WORK TO BE COMPLETED: Go through the listing below and repeat it exactly, dropping the pictures.

SOURCE MATERIAL:

# # # # #

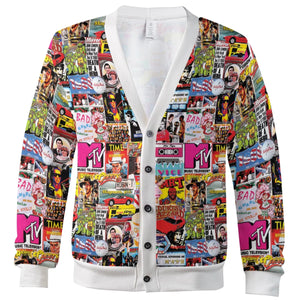 I heart 80s Collage Mr. T Back To the Future Pac-man Cardigan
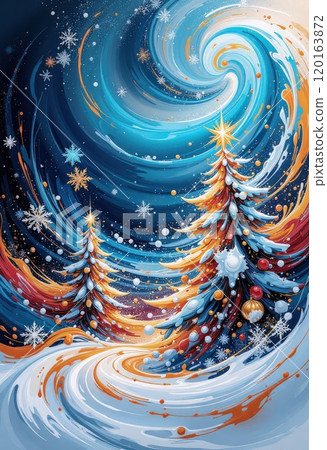 Abstract Christmas card: modern design with vibrant blue and gold winter night landscape, stylized trees and snowflakes. 120163872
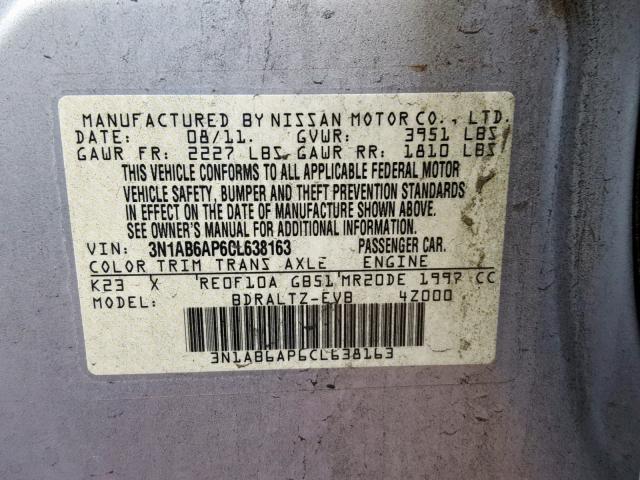 3N1AB6AP6CL638163 - 2012 NISSAN SENTRA 2.0 SILVER photo 10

# # # # #

TASK SOLUTION:
 I heart 80s Collage Mr. T Back To the Future Pac-man Cardigan
 Abstract Christmas card: modern design with vibrant blue and gold winter night landscape, stylized trees and snowflakes. 120163872
 3N1AB6AP6CL638163 - 2012 NISSAN SENTRA 2.0 SILVER photo 10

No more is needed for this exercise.